France called for tighter controls on Europe's borders to prevent terrorists from entering and using free movement laws to travel across the continent.

However, despite growing public unease over numbers of migrants arriving in Europe, and threat that the influx is being exploited by the ISIS, the European Commission chief Jean Claude rejected an overhaul of the EU's migration policy. He urged leaders not to start treating asylum-seekers as terrorists.

Expansion

The ISIS has been reinforcing and widening its sway far beyond its original areas of operations in Iraq and Syria. Over the last ten days, it has successfully carried out four major assaults on its principal adversaries - downed a Russian civilian airliner over Egypt killing 224 people, massacred Hazara Shi'ites in Afghanistan, bombed the southern suburbs of Beirut, and now carried out the attacks in Paris. It has issued warnings to Washington and European countries that they will also have to face attacks similar to the ones in Paris if they indulged in launching bomb strikes against Syria. Emergence of the ISIS over last two years is a result of conflicting, short-sighted and narrow-minded policies pursued by the Western and regional powers like the US, Europe, Turkey, Saudi Arabia, Qatar, UAE and others.

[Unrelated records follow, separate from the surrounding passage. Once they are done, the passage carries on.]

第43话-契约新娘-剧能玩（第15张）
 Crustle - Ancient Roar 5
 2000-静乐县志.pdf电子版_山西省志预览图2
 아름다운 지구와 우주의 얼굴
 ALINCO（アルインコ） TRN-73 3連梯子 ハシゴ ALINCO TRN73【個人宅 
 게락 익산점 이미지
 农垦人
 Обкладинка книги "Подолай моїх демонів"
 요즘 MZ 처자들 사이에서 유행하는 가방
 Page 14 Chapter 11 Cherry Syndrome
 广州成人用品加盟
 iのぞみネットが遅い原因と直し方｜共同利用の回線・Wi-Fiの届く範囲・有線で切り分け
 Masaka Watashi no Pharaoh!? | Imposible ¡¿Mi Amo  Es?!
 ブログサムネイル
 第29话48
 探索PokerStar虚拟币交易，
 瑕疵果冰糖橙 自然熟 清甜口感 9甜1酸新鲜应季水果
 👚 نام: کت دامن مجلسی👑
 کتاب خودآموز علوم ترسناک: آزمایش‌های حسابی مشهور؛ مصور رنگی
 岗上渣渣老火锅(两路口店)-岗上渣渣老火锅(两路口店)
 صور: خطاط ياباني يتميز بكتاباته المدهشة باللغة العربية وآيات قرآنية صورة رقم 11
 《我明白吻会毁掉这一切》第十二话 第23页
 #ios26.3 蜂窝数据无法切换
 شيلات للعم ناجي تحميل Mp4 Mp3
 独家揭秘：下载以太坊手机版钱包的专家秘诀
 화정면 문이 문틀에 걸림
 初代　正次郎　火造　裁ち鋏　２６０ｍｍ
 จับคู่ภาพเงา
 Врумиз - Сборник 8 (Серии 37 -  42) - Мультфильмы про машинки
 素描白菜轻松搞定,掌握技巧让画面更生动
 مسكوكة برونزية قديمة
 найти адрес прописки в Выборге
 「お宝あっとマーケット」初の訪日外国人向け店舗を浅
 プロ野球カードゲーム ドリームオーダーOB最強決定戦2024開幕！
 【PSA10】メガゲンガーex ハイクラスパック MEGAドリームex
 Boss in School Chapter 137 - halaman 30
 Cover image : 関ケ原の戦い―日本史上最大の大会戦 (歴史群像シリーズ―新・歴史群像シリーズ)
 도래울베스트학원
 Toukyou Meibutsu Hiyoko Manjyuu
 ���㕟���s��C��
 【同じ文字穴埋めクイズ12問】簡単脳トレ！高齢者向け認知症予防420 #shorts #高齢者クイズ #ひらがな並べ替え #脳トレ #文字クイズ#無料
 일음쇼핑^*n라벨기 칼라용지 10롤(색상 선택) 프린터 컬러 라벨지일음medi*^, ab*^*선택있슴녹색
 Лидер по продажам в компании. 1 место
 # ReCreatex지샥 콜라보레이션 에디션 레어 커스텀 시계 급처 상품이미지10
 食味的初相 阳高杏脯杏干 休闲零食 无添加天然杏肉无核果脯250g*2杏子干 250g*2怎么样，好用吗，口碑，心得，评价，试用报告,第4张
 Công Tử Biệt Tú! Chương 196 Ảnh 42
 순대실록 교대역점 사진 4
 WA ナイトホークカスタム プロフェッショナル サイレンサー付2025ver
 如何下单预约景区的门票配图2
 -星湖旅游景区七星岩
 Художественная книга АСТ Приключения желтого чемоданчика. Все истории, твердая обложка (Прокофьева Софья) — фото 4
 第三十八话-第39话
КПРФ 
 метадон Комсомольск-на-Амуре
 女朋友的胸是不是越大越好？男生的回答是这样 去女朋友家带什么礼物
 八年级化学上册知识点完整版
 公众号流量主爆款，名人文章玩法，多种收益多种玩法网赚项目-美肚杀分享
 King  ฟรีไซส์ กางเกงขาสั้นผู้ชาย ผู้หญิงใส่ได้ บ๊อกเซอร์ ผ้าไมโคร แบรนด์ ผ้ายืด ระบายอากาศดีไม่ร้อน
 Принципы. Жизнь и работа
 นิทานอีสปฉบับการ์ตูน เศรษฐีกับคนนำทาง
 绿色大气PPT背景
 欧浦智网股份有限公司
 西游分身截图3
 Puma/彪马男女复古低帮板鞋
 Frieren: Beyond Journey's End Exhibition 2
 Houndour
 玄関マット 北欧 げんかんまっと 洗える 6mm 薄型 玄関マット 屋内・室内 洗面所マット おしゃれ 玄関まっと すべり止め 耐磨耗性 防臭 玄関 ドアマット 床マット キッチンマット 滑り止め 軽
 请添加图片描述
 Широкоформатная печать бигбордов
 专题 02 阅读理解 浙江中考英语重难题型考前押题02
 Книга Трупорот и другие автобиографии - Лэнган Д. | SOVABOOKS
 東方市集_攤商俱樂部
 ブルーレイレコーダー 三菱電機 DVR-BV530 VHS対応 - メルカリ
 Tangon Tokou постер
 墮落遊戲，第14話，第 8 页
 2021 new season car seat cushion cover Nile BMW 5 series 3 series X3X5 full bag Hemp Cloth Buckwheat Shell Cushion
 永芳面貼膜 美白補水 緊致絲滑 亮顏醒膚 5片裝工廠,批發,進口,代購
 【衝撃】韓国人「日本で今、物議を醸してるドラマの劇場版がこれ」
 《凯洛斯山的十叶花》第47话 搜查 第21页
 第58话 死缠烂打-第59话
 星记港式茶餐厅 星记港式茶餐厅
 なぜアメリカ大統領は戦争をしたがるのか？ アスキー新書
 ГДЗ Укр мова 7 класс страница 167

World leaders seized the opportunity presented by the ghastly Paris attacks to arrive at a wide measure of agreement to effectively deal with the ever-increasing threat of the ISIS. The challenge now is to implement the decisions arrived at sincerely and seriously. Only single-minded determination and full cooperation will yield the desired results. Otherwise, the leaders will have no one but themselves to blame for the rising incidents of terrorism and violence in their own territories and other regions of the world.